(Short text fragments from websites)
-- Opening Marker --

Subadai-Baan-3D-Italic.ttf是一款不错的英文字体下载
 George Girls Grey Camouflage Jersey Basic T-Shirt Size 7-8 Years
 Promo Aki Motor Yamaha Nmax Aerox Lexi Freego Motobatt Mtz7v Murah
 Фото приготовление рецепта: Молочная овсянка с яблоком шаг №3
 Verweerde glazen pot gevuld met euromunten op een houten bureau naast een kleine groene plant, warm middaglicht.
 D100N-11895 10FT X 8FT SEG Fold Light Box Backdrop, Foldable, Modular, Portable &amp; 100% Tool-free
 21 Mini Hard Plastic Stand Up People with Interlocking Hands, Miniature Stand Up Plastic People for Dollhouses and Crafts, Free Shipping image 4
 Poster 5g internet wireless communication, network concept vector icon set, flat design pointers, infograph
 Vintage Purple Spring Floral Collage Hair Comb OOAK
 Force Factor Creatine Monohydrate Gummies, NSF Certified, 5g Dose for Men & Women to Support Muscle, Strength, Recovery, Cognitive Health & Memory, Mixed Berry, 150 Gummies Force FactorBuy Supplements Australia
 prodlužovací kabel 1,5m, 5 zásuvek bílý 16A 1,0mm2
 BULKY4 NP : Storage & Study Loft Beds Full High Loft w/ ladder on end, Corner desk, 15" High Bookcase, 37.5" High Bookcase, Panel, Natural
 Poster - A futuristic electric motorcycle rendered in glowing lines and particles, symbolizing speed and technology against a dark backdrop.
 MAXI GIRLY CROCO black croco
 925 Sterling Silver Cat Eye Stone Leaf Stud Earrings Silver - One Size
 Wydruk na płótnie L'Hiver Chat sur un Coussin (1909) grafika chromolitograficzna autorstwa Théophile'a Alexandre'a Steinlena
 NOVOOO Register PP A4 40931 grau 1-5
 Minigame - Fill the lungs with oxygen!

-- Closing Marker --

> WORK TO BE COMPLETED: Set down exactly the lines from the start of the records to the line with "NOVOOO Register PP A4 40931 grau 1-5". Include that line, and add nothing more.

> ANSWER SPACE:
Subadai-Baan-3D-Italic.ttf是一款不错的英文字体下载
 George Girls Grey Camouflage Jersey Basic T-Shirt Size 7-8 Years
 Promo Aki Motor Yamaha Nmax Aerox Lexi Freego Motobatt Mtz7v Murah
 Фото приготовление рецепта: Молочная овсянка с яблоком шаг №3
 Verweerde glazen pot gevuld met euromunten op een houten bureau naast een kleine groene plant, warm middaglicht.
 D100N-11895 10FT X 8FT SEG Fold Light Box Backdrop, Foldable, Modular, Portable &amp; 100% Tool-free
 21 Mini Hard Plastic Stand Up People with Interlocking Hands, Miniature Stand Up Plastic People for Dollhouses and Crafts, Free Shipping image 4
 Poster 5g internet wireless communication, network concept vector icon set, flat design pointers, infograph
 Vintage Purple Spring Floral Collage Hair Comb OOAK
 Force Factor Creatine Monohydrate Gummies, NSF Certified, 5g Dose for Men & Women to Support Muscle, Strength, Recovery, Cognitive Health & Memory, Mixed Berry, 150 Gummies Force FactorBuy Supplements Australia
 prodlužovací kabel 1,5m, 5 zásuvek bílý 16A 1,0mm2
 BULKY4 NP : Storage & Study Loft Beds Full High Loft w/ ladder on end, Corner desk, 15" High Bookcase, 37.5" High Bookcase, Panel, Natural
 Poster - A futuristic electric motorcycle rendered in glowing lines and particles, symbolizing speed and technology against a dark backdrop.
 MAXI GIRLY CROCO black croco
 925 Sterling Silver Cat Eye Stone Leaf Stud Earrings Silver - One Size
 Wydruk na płótnie L'Hiver Chat sur un Coussin (1909) grafika chromolitograficzna autorstwa Théophile'a Alexandre'a Steinlena
 NOVOOO Register PP A4 40931 grau 1-5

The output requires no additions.